August 20–27, 2015: Globular cluster M28 and open cluster M25 in Sagittarius offer small-telescope owners nice views, while large-telescope owners can seek out planetary nebula NGC 6781 in Aquila.
By | Published: August 20, 2015 | Last updated on May 18, 2023
This week’s two small-telescope targets, globular cluster M28 and open cluster M25, both lie in Sagittarius.
Astronomy: Roen Kelly
Each week, Astronomy magazine Senior Editor Michael E. Bakich, a master at explaining how to observe, posts a podcast about three or more objects or events you can see in the sky.

Targets for August 20–27, 2015

Small telescope:
Globular cluster M28
Small telescope:
Open cluster M25
Large telescope:
Planetary nebula NGC 6781
Downloadable File(s)
One Messier-sippi
This week’s first small-telescope target is globular cluster M28 in Sagittarius.
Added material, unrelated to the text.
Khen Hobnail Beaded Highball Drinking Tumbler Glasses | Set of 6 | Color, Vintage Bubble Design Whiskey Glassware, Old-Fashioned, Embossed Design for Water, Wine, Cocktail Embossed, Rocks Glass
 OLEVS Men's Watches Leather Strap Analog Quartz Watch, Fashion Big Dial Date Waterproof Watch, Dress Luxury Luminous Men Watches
French comet-hunter Charles Messier discovered and cataloged it July 27, 1764.

This object lies 1° northwest of magnitude 2.8 Lambda (λ) Sagittarii. It shines at magnitude 6.8 and measures 11.2′ across. That means it covers an area 13 percent as large as that covered by the Full Moon.

This object has plenty of brightness and a great background star field to impress most viewers using a 4-inch telescope. But its stars pack together closely, so you might want to point a bigger scope at it sometime.
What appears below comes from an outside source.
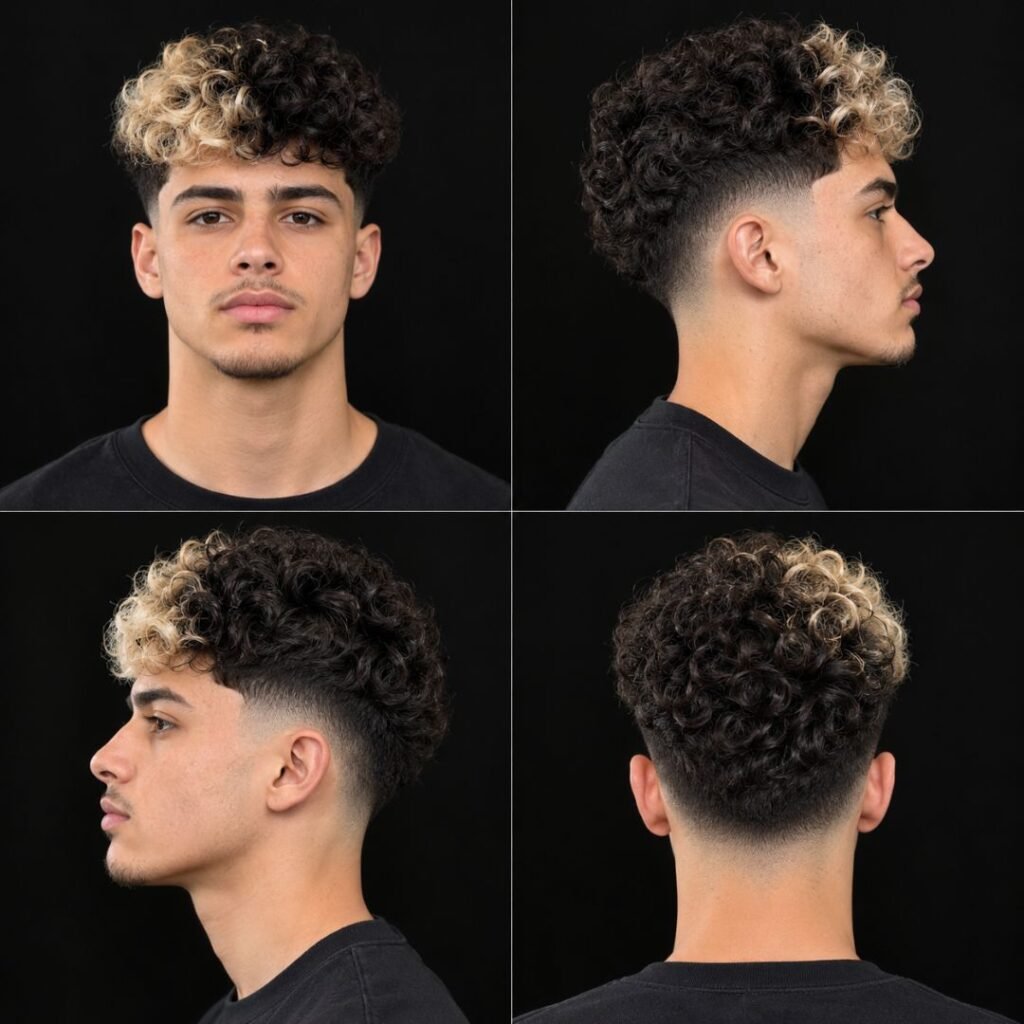 Low Taper Curly Two-Tone Color Block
Through an 8-inch telescope at 150x, you’ll resolve several dozen stars in M28’s wide halo. And if you can step up to a 14-inch instrument, your star count will climb past 150. Viewing the core at 250x or above gives a three-dimensional effect. A relatively bright chain of stars extends to the north. Another fainter one heads to the north-northwest.

Two Messier-sippi
This week’s second small-scope object is another from Messier’s catalog. This time it’s open cluster M25, also in Sagittarius. To find it, look 4.4° east-northeast of magnitude 3.8 Mu (μ) Sagittarii.
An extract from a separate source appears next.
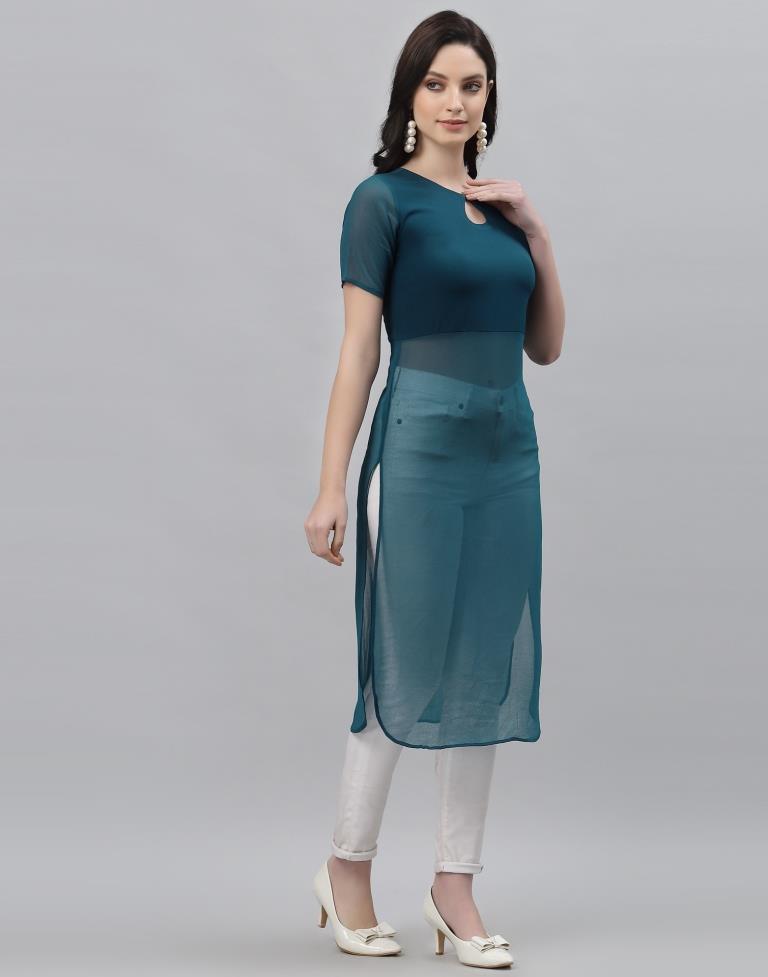Teal Solid Kurti | Sudathi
At a striking magnitude 4.6, it’s visible to the naked eye from a dark site, but not easily because of the richness of the Milky Way background. The cluster’s brightness also spreads out over a fairly large area. M25 is 32′ in diameter, so it covers 6 percent more area than the Full Moon.

A 4-inch telescope at a magnification of 150 reveals 40 member stars. Two chains of stars divided by a starless gap stretch east to west near the center. Many of M25’s stars exceed 11th magnitude, making this a nice sight through small telescopes. Yellow magnitude 6.8 SAO 161557 sits at the northwest edge.

Aquila’s standout object
This week’s large-telescope target is planetary nebula NGC 6781 in Aquila. Although this constellation ranks 22nd in size among the 88 that cover the sky, it contains no Messier objects or emission nebulae and few bright star clusters. Still, you’ll want to point your telescope 3.8° north-northwest of magnitude 3.4 Delta (δ) Aquilae to observe NGC 6781.

This planetary nebula is an almost perfect bubble of gas cast off by a formerly Sun-like star that died. The bubble measures 2 light-years across and continues to expand. Energetic photons from nearby bright stars decompose the gas bubble. A similar process occurs within the Eagle Nebula (M16).

Through a 6-inch telescope at a magnification of 100, magnitude 11.4 NGC 6781 stands out well against a rich, star-filled background. The disk appears soft, irregular, and oval-shaped with a slightly darker center. If the seeing at your observing site is good, look for small, dark blotches over NGC 6781’s face. This isn’t a small object — it measures 109″ across.

If you’re able to observe NGC 6781 through a 16-inch scope, you’ll see lots of structure in the nebula’s thick ring. This feature’s southern rim appears brightest. The northern edge is broken and gradually fades into the background.

To see the ring best, use a nebula or an OIII filter. Through a 16-inch or larger telescope, you might detect the central star, a bluish white dwarf, which glows weakly at magnitude 16.2.